Mr. Cooke did not return repeated telephone calls seeking comment for this story.
Mr. Cooke, a University of Michigan Law School graduate and an Air Force captain during the Vietnam War, rose to prominence in the D.C. legal community as a specialist in labor and government relations after a four-year stint teaching law at Syracuse University that ended in 1992.
In 1995, he became a partner at Winston & Strawn, one of the oldest law firms in the United States, with headquarters in Chicago and offices located in major cities, including the District, New York, Los Angeles, San Francisco, Geneva, Paris and London.
Mr. Cooke’s status as a high-profile black labor lawyer was confirmed two years ago when the Coca-Cola Company named him to the task force overseeing the company’s compliance with a $192 million settlement of a class-action racial discrimination lawsuit brought by Coca-Cola employees.

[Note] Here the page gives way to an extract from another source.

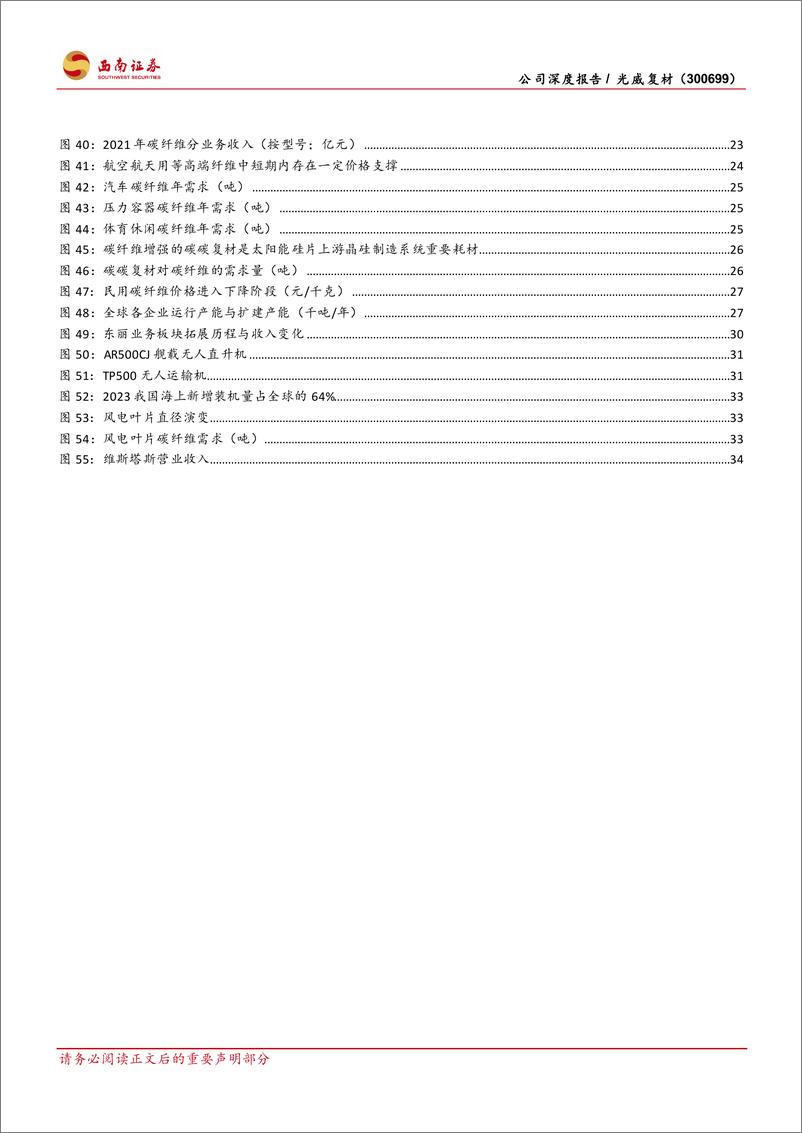 《光威复材(300699)高性能碳纤维龙头，需求%2b产能共同驱动长期成长-240711-西南证券-47页》 - 第5页预览图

But he achieved notable influence at the university through his work as president of the UDC Coalition, an incorporated organization he helped found in 1997 to promote the land-grant university and act as an independent advocate for UDC in its dealings with the D.C. Council and Congress.
His coalition work and close relationship with Reginald E. Gilliam Jr., the UDC board of trustees member who headed the search for the school president, added considerable weight to Mr. Cooke’s recommendation of Mr. Pollard for the school’s top job, according to UDC officials and coalition members familiar with the board’s hiring of Mr. Pollard.
Mr. Gilliam could not be reached for comment.
In a brief telephone interview with The Times last week, Mr. Cooke said he has known Mr. Jolly from working with him on the Executive Leadership Council and Foundation, a D.C.-based association of black senior executives of Fortune 500 companies. Mr. Jolly served as its board chairman and president between 1996 and 2001.
“I knew his skills, and I recommended him,” said Mr. Cooke, who declined further comment.
A university official familiar with Mr. Jolly’s hiring said Mr. Cooke promoted him as a “real bulldog” in business management who would run UDC’s day-to-day operations for Mr. Pollard in the newly created position of executive vice president.
Mr. Pollard, Mr. Jolly and Mrs. Reuben-Cooke did not return calls seeking comment.